Indicator down in March
By Eric van Puyvelde | Thursday 29 March 2012
After improving in January and February, the economic sentiment indicator (ESI) decreased in March by 0.8 points in the EU and by 0.1 points in the eurozone, to 93.2 and 94.4, respectively. The decline was mainly driven by decreasing confidence in the industry and construction sectors. By contrast, confidence increased among consumers and in the services and retail trade sectors. This is revealed by the monthly report on the economic climate, which was published, on 29 March, by the European Commission.
Among the largest member states, the UK (-2.5) reported the biggest decrease in sentiment, followed by Germany (-2.4), the Netherlands (-1.3) and Spain (-1.1). By contrast, sentiment improved in Italy (+3.5), Poland (+2.2) and France (+2).

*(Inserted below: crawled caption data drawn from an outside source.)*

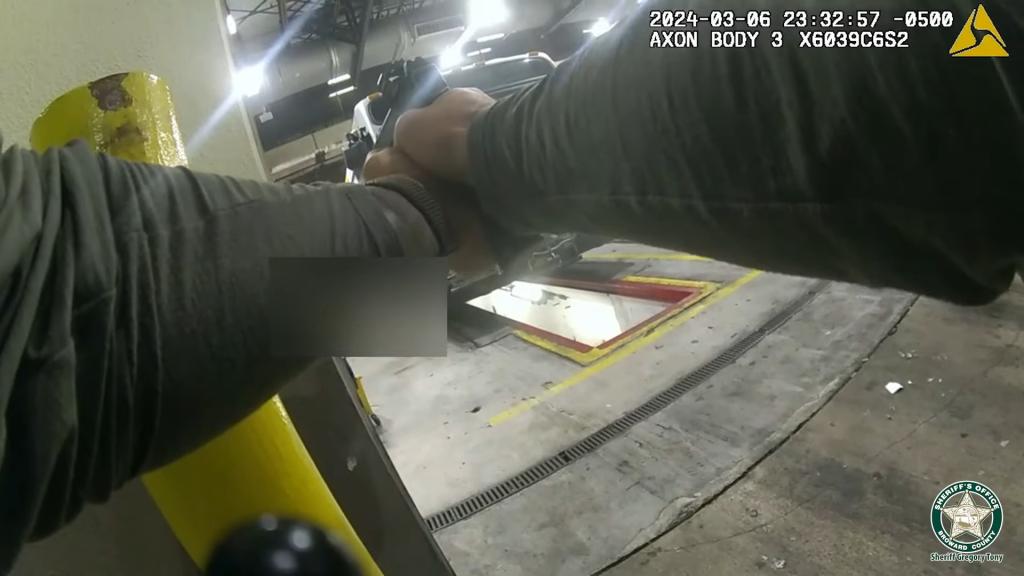 Body camera footage shows deputies firing at Molina.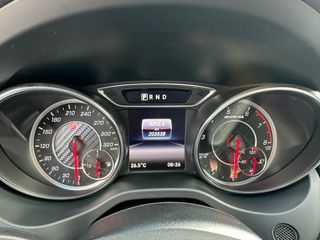Mercedes-Benz A45 AMG 381cv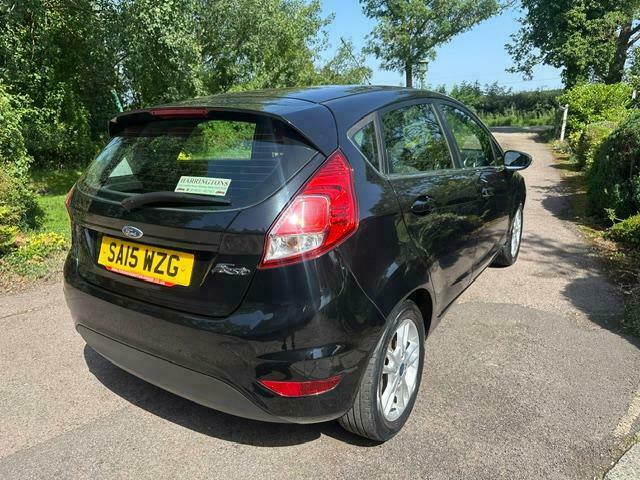 Ford Fiesta Zetec Black #5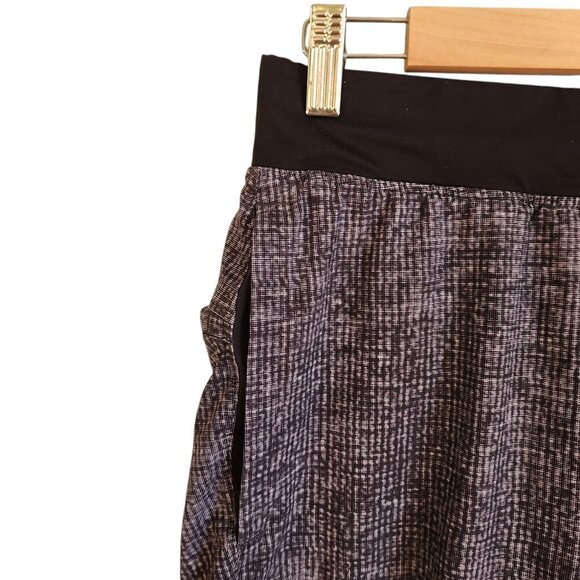 Lululemon Men's Shorts Medium Black Gray THE T.H.E. Short 9" Linerless Workout - Picture 2 of 8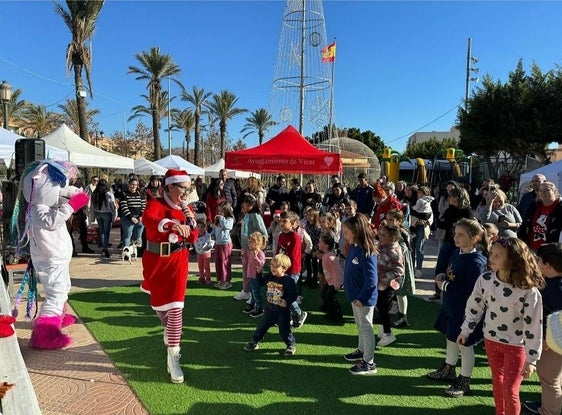 Los más pequeños disfrutan de una jornada en familia por la Navidad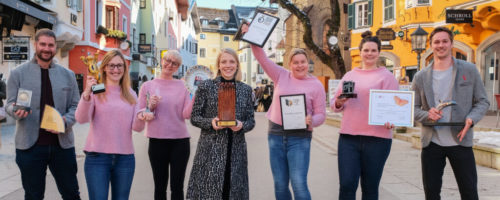 Das Team von Kitzbühel Tourismus, rund um Geschäftsführerin Dr. Viktoria Veider-Walser, freut sich über zahlreiche Awards. © Kitzbühel Tourismus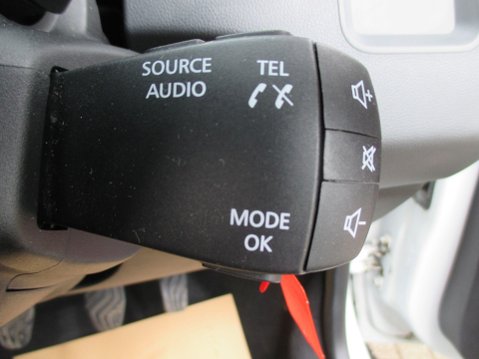 Dacia Duster 1.6 SCe Essential Euro 6 (s/s) 5dr 37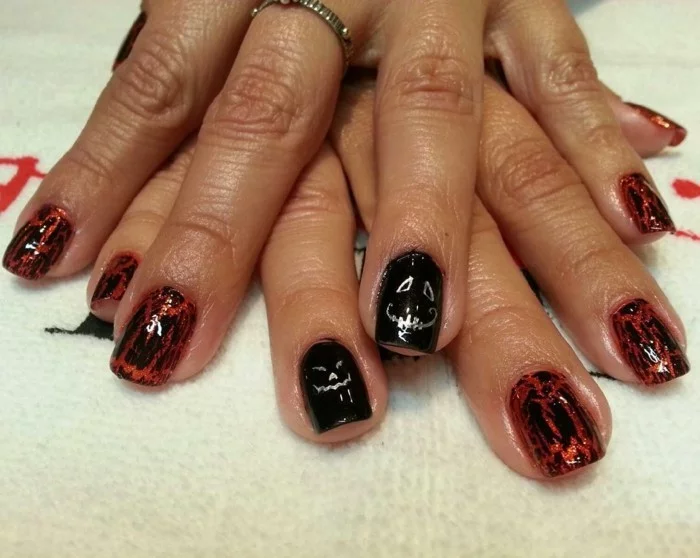 halloween nägel in schwarz rot für einen authentischen look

Confidence in industry worsened markedly in both the EU (-1.8) and the eurozone (-1.5). In both regions, managers’ assessment of their companies’ past production and current level of order books deteriorated. At the EU level, also the current assessment of stocks of finished products and export order books deteriorated. However, managers’ production expectations remained broadly stable. Confidence in services improved in both the EU (+0.8) and the eurozone (+0.6). In the EU, managers revised their employment plans upwards in all business sectors except construction. Confidence among consumers improved by 0.8 points in the EU and by 1.2 points in the eurozone, mainly on the back of a strong increase in consumers’ expectations about the general economic situation and an easing of unemployment fears in both regions. Consumers’ assessment of their own financial situation improved slightly in the eurozone, but remained unchanged in the EU.
The ‘Employment and social situation quarterly review’, also released on 29 March by the Commission, shows that, after a moderate recovery during 2010 and early 2011, the European labour market contracted again in the second half of 2011. Since spring 2011, the number of unemployed has been steadily increasing. This new rise has brought unemployment rate to a new high at 10.1 % in January. All large member states, including Germany, are now facing deteriorating labour market prospects, while divergence in performance remains high across member states. To address these challenges, the Commission has confirmed that in April – most likely on 18 April – it will present an employment package. This package will identify opportunities for labour market reforms and job creation (for example ‘green’ jobs, ‘white’ jobs, ICT sector) and set out how EU funds can be used to make long-term investments in human capital.